PRIBNOW (CITGO Petroleum Corporation)

Incompatibility issues are mostly observed in the desalter and downstream pre-heat train and heater as the asphaltenes precipitate and cause stabilized emulsions. Some of our observations include salted crude carryover from the desalter. The water and contaminants exit the desalter and foul all of your downstream pre-heat exchangers and heaters. It may even upset your crude tower if it is bad enough. We have had a couple of instances where we have carried over badly and have pressured up the crude tower. So we have to really watch desalter operation when incompatibility issues arise. With the desalter, we will see level instability from false level readings and increased solids exiting with the brine. We will have oil undercarry with the brine from the desalter because regulator outputs will increase. We have also observed tight emulsions in the desalter.

Finally, since the last turnaround, we have observed more cold pre-heat train following in the first couple of exchangers. Exchangers that had not fouled in six to eight years are now fouling in six to eight months. So there is an increase in fouling that we are observing in our cold pre-heat train. We blend our crude types out in the tank farm prior to their entrance into the crude unit. When we start observing increased asphaltene precipitation, we will change the ratios of the different light/heavy crudes or paraffinic crudes and will usually see that phenomenon subside.

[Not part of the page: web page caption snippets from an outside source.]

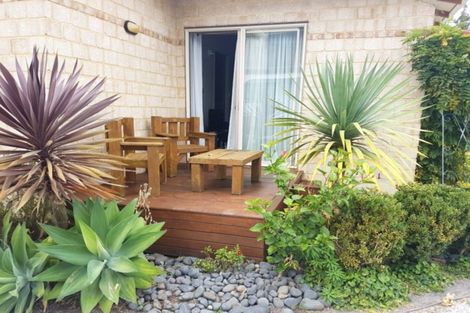 Photo of property in 141 Marsden Bay Drive, One Tree Point, 0118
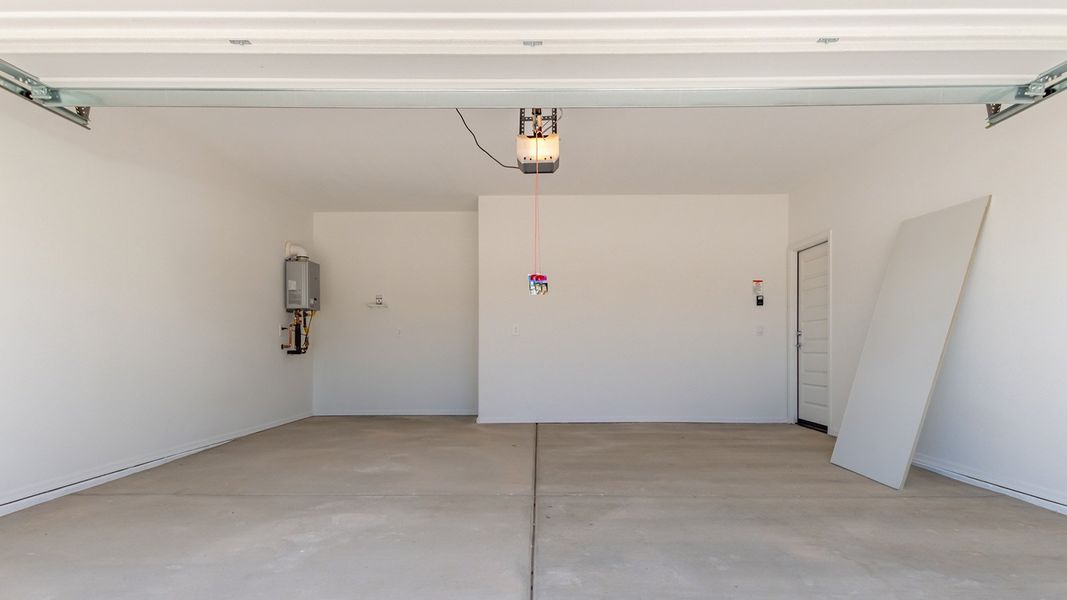 Spacious, unfurnished interior of a new home in Coronet at Gladden Farms, Marana (Image 37). Spacious, unfurnished interior of a new home in Coronet at Gladden Farms, Marana (Image 37).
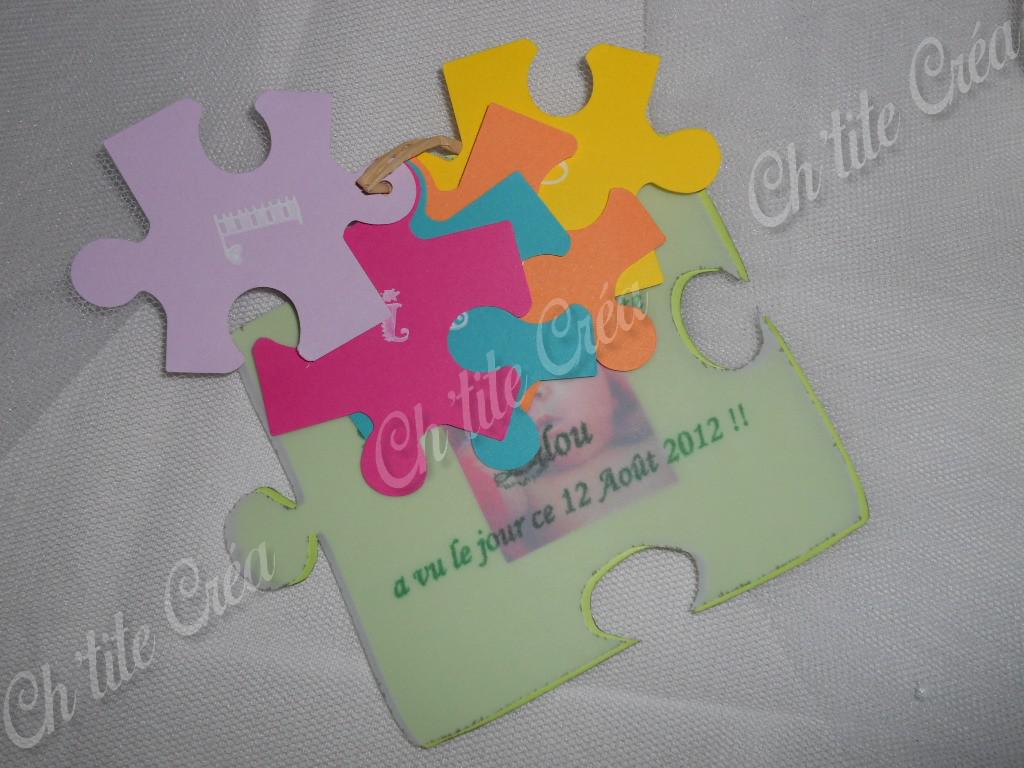Faire part puzzle, une lettre du prénom sur chaque pièce de puzzle, texte sur calque, multicolore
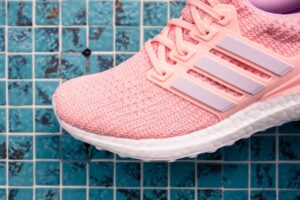 Alternative view of Giày Adidas Ultra Boost 4.0 'Clear Orange' F36126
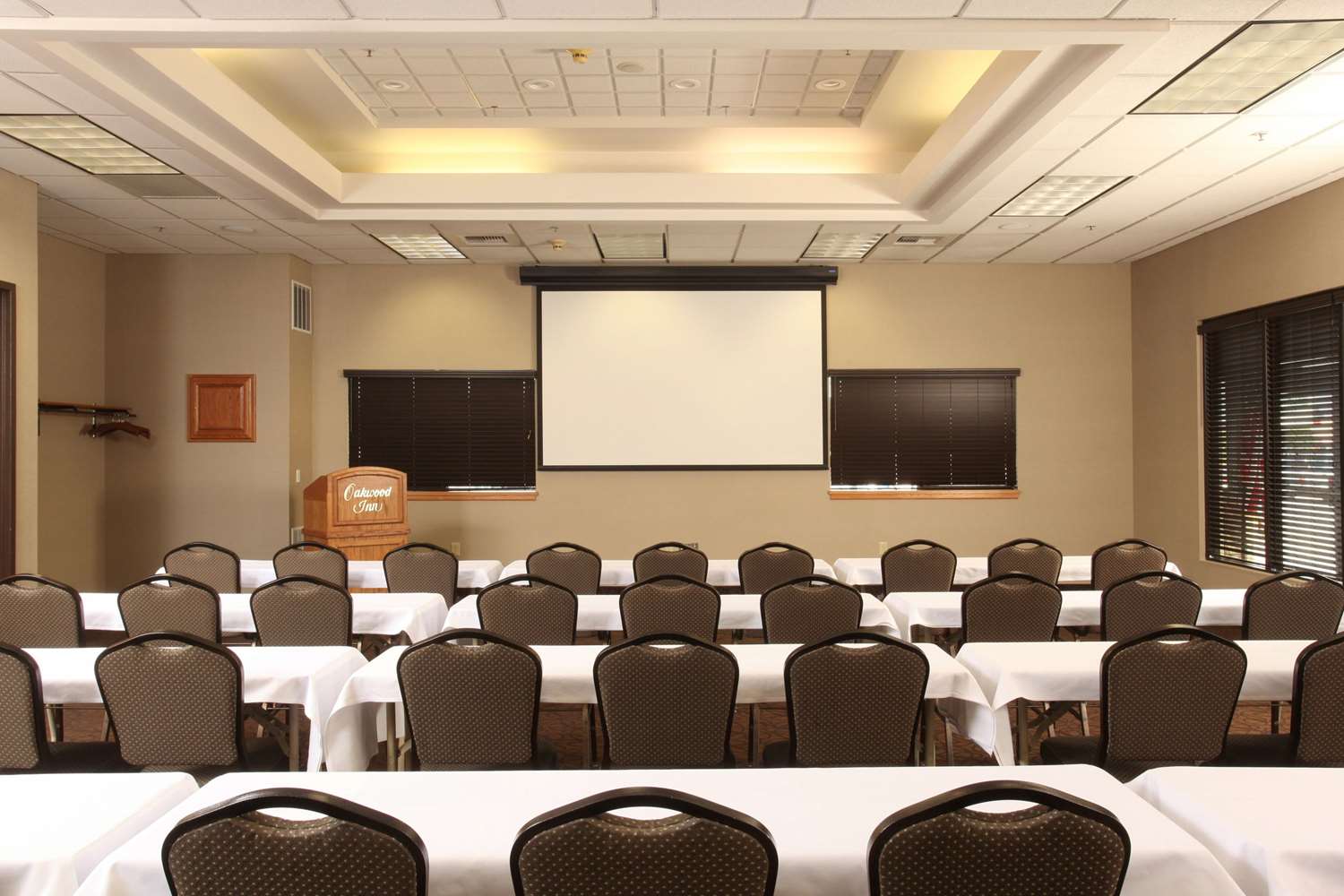 Quality Inn Oakwood 18/21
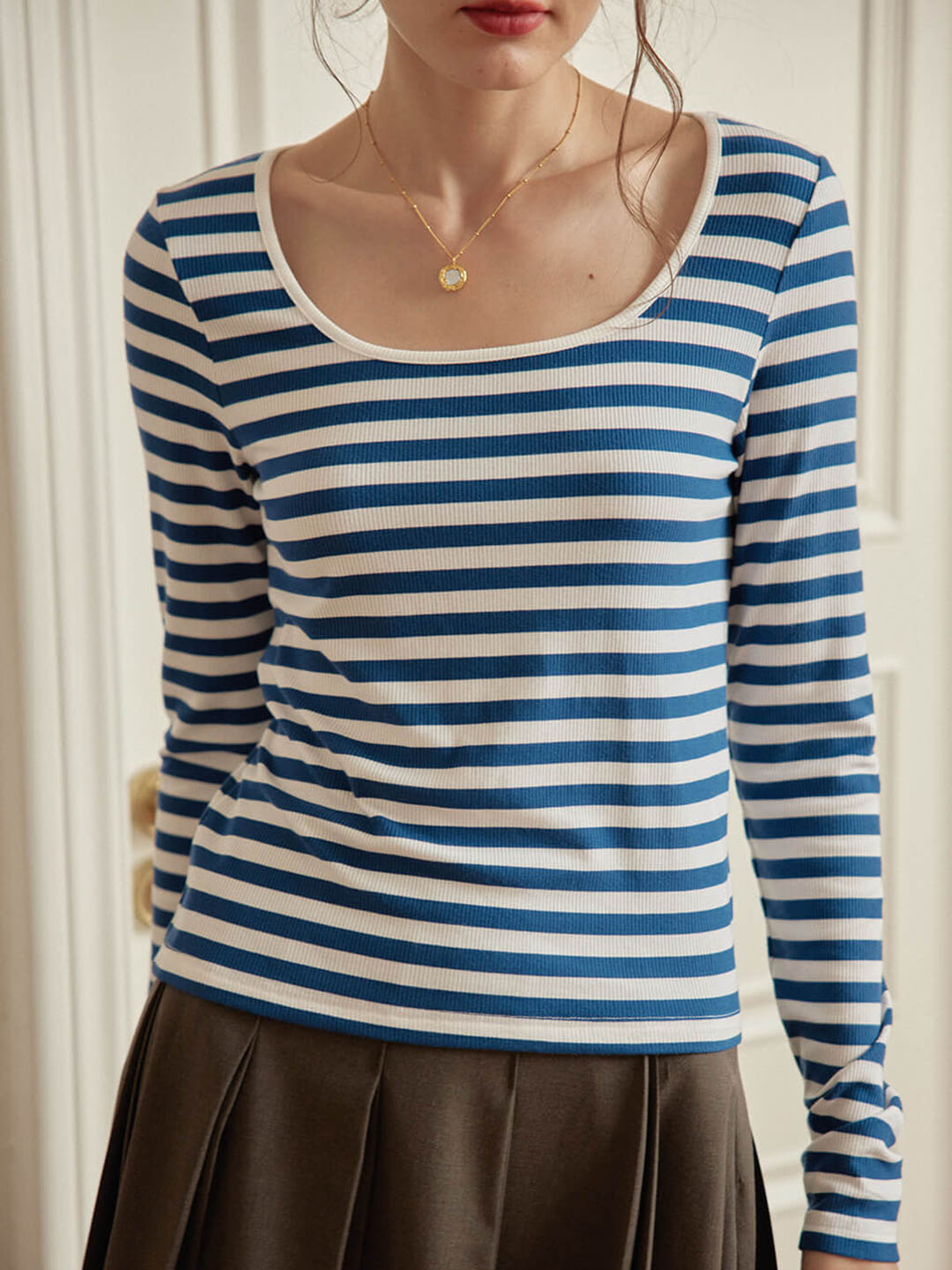 Mavis Striped U-neck Blue Knitted Top/SIMPLERETRO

We use three proactive operational strategies. One is the ASIT method or the Asphaltene Stability Index Test. We have an analyzer onsite. We will test incoming crudes with that analyzer and fill out a database. We will also blend the crudes together to obtain the stability of the different blends. This is an analytical predictive tool which has worked well for us. We will segregate crudes based on type and compatibility so they can be safely blended. We also employ the ASIT method, which is a mathematical model used to isolate the incompatible crudes during the storage and blending phases. Then lastly, we employ upstream tank blending sequencing. We fill with the asphaltenic crude component first, and then we fill the paraffinic crude on the top. If it is done the opposite way, we have observed problems.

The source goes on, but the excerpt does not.